# Peach Auto, good paint jobs??



## TheReason (May 27, 2003)

Not everyone has head of Peach Auto but if you have you will be a great reference but anyway at Peach Auto here in GA for $600 bucks, without body work because i dont need it, they will do prep work, mask off the car, paint, then put on the clear coat. And it comes with a 2 year warranty against fads, chips, etc. While I was there he only had dealer cars to show and they didnt look to good and he told me that was because dealers only give them $200 a car and they do NO prep work for the dealer cars. He guaranteed that my job would be better and that they put their quality over Macco anyday, also he admitted that their not perfect but do a good job. What do yall think?


----------



## Token Moron (Mar 28, 2003)

> also he admitted that their not perfect but do a good job. What do yall think?

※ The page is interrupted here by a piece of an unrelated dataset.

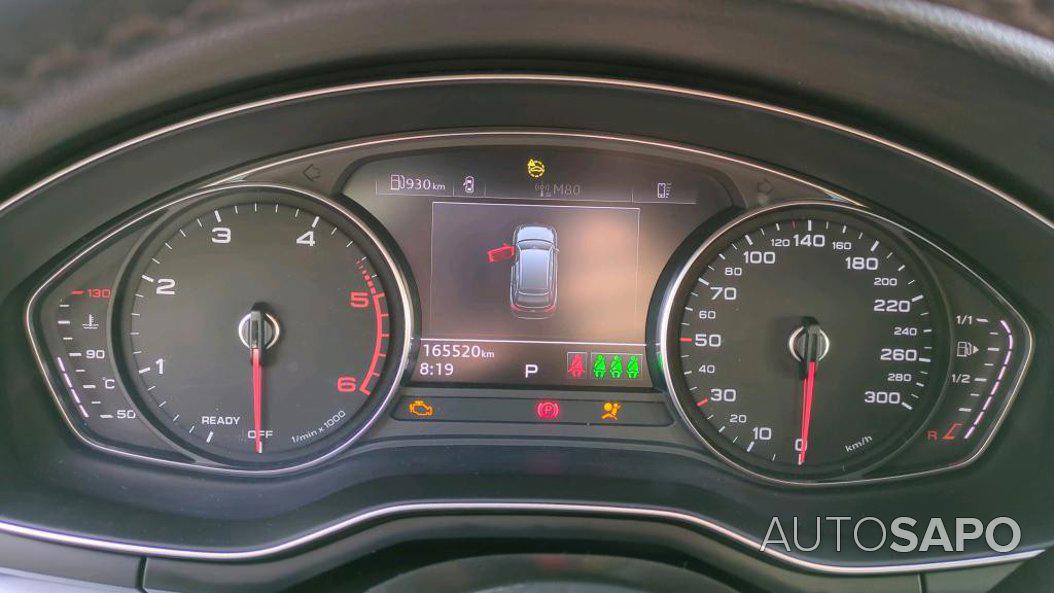 Audi A4 de 2021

save your money and get a quality paint job...just IMO


----------



## psuLemon (Apr 23, 2003)

this is one field that i have a friend that will only charge me for paint.. my friends dad got his stealth R/T painted and all the dents pulled with 3 layers of paint and 5 layers of clear for 750


----------



## Token Moron (Mar 28, 2003)

not bad, thats not bad at all, but hows the quality?


----------



## psuLemon (Apr 23, 2003)

top of the line.. i mean this thing was perfect.. my friend jon is very picky and wont let anyone else do it... his dad owns a shop so he has been doin it for some time..


----------



## faithandfame (Jan 25, 2003)

just remember... you get what you pay for..


----------



## B14GEE (Jul 10, 2003)

YEA...dont jump on the inexpensive boat....unless you see (and approve) the work...this guy i know owns a shop and is doing my car and body work...for 700.....look and call and ask around before you drop money on something like that.....


----------



## your mom (Jun 28, 2003)

i would wait and save a little more money or at least find more of his work.


----------



## psuLemon (Apr 23, 2003)

i would wait off until you have a full body kit.... and maybe a hood.... but its up to you..


----------



## nastynissan (Jan 26, 2003)

Dont do PEACH unless you want to repaint next year.. Or want to claen paint off lenses, trim, windows, etc....


----------